TASK OBJECTIVE. Once the line with "116A Buckingham Drive, Lakewood, NJ 08701" is found in the data, output it and each following line exactly, up to and including the line with "نتائج مباريات اليوم", and nothing before or after.

EXTRACTED DATA.
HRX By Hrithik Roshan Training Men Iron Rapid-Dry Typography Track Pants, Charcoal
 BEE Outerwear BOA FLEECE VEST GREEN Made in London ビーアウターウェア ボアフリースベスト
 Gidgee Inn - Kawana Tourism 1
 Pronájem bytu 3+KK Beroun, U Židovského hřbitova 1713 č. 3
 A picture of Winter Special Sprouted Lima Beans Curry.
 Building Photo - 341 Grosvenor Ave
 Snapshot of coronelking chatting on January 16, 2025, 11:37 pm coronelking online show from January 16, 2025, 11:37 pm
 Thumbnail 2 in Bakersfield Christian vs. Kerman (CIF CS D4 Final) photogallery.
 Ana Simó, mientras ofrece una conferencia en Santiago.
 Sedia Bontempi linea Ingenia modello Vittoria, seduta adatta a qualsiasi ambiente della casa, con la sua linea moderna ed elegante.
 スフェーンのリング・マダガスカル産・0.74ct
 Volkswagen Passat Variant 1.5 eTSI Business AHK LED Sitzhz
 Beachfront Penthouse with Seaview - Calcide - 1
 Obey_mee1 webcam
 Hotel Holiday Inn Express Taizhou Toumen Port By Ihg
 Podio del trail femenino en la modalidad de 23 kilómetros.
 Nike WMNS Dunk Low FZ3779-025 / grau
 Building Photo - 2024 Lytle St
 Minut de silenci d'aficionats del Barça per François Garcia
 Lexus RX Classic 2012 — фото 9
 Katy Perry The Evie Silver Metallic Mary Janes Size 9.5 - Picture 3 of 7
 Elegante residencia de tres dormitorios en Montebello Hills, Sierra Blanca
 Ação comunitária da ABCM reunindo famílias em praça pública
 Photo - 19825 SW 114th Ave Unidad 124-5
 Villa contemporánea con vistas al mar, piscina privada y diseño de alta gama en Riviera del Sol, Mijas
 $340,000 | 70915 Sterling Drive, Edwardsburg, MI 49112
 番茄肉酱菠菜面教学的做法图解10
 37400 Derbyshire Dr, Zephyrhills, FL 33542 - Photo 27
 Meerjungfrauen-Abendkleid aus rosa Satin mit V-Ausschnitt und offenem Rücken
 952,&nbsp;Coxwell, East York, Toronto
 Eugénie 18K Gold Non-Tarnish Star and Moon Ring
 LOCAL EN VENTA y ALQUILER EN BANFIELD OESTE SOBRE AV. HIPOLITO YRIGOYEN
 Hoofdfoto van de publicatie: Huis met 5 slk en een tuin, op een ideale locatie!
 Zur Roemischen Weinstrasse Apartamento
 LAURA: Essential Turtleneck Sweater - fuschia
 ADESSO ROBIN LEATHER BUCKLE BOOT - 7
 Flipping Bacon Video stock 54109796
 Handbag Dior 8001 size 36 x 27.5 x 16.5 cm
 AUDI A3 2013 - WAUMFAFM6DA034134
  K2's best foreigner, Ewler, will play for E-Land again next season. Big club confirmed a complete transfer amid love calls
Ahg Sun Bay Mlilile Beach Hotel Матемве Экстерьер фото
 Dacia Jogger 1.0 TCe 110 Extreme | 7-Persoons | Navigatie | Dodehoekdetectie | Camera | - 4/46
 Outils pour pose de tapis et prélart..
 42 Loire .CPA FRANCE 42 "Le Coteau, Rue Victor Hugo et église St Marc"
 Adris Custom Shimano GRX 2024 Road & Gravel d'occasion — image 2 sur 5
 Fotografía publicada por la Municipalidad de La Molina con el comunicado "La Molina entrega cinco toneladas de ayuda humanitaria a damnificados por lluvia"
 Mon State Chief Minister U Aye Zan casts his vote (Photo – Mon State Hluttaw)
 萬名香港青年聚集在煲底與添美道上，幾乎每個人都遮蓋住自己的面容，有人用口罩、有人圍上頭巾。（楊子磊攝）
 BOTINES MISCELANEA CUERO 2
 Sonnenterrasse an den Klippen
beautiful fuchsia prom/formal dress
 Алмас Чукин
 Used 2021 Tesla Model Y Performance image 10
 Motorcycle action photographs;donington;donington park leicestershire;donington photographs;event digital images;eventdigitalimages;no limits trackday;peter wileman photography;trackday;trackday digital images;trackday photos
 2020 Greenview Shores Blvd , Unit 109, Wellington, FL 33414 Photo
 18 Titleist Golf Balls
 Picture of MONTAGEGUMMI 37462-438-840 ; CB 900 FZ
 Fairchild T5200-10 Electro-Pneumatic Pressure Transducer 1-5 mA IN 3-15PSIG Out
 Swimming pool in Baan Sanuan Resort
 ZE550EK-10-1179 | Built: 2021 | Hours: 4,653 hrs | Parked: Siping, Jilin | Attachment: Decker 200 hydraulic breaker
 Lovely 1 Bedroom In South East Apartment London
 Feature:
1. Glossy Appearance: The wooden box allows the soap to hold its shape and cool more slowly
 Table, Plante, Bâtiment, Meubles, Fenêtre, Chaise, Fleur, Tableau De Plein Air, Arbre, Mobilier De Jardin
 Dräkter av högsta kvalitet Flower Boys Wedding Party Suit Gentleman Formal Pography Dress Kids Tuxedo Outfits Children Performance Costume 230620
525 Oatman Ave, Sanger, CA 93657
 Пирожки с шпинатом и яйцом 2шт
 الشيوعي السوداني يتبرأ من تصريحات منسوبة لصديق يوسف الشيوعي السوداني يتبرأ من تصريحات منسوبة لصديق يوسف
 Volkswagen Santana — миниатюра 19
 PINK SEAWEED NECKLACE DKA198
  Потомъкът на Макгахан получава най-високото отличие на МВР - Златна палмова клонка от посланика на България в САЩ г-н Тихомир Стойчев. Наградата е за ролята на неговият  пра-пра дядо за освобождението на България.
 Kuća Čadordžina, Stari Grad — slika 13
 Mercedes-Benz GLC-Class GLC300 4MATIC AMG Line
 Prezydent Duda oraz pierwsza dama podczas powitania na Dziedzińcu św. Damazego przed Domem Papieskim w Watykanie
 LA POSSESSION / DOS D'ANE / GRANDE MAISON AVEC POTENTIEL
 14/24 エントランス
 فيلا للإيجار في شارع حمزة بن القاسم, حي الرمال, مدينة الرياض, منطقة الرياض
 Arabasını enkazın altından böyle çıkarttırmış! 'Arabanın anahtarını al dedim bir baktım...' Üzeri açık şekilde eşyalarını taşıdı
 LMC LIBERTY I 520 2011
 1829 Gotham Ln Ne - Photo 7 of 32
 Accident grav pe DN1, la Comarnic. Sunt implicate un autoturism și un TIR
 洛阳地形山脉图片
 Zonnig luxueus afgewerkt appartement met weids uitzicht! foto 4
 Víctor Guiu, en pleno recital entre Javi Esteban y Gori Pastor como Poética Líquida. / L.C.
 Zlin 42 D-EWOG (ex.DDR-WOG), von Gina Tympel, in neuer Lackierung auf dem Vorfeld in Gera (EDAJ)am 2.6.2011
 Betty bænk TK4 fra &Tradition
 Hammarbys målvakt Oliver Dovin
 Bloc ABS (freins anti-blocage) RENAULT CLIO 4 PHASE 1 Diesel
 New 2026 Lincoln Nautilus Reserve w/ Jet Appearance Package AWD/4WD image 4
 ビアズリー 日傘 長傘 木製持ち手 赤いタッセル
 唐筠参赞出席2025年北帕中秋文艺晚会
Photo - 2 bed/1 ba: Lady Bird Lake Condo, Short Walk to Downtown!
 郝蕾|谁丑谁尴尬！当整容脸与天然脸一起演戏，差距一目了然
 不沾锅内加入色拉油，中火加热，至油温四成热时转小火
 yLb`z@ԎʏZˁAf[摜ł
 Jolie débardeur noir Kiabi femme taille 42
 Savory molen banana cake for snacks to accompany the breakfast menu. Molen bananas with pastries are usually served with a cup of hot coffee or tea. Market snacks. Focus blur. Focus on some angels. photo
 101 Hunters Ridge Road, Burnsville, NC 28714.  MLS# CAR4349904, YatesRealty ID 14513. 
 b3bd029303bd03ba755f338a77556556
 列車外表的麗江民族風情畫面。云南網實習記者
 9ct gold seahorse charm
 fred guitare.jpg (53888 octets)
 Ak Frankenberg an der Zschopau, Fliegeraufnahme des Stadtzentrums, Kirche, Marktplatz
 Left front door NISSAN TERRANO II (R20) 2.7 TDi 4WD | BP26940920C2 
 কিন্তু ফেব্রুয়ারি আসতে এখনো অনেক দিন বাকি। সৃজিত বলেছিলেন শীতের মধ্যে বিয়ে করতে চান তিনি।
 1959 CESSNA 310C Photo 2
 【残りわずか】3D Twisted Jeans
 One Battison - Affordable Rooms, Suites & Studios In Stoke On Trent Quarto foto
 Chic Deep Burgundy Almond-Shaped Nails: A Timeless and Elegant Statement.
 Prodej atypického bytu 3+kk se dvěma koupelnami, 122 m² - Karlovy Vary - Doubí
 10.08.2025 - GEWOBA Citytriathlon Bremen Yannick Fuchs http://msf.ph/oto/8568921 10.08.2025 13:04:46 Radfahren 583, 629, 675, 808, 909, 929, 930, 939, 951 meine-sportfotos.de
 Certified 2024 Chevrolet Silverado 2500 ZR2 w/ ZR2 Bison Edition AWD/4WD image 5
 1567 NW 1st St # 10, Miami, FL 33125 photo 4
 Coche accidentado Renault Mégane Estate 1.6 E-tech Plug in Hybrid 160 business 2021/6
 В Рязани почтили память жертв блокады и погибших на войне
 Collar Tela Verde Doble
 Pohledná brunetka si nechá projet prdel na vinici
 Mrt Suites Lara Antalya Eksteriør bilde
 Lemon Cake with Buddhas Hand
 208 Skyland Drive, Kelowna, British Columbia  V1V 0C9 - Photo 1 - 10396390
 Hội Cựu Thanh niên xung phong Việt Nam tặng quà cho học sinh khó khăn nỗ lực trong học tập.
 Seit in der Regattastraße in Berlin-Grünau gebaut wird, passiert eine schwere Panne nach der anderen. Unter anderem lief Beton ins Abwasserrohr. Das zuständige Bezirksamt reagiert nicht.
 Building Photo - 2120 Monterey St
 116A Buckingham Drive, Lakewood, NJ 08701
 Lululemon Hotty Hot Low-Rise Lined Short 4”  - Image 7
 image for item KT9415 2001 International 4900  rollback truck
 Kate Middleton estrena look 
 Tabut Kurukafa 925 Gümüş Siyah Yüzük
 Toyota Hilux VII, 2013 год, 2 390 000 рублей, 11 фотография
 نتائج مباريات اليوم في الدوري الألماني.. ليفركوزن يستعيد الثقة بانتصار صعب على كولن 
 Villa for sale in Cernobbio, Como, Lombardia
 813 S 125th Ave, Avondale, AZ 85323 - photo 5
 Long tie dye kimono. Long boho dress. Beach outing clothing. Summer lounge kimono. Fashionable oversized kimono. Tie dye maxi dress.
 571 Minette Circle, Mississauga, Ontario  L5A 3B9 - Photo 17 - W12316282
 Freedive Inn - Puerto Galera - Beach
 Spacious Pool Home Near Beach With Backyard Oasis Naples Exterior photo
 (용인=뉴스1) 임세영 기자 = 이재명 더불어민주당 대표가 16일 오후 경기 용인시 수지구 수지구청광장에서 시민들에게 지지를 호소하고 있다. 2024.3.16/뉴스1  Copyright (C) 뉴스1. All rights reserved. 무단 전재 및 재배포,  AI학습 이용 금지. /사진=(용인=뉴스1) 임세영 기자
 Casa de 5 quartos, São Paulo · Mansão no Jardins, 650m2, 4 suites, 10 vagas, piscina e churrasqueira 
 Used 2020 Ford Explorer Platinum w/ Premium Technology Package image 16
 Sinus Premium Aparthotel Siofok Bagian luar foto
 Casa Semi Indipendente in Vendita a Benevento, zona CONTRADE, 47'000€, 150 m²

TASK SOLUTION.
 116A Buckingham Drive, Lakewood, NJ 08701
 Lululemon Hotty Hot Low-Rise Lined Short 4”  - Image 7
 image for item KT9415 2001 International 4900  rollback truck
 Kate Middleton estrena look 
 Tabut Kurukafa 925 Gümüş Siyah Yüzük
 Toyota Hilux VII, 2013 год, 2 390 000 рублей, 11 фотография
 نتائج مباريات اليوم في الدوري الألماني.. ليفركوزن يستعيد الثقة بانتصار صعب على كولن 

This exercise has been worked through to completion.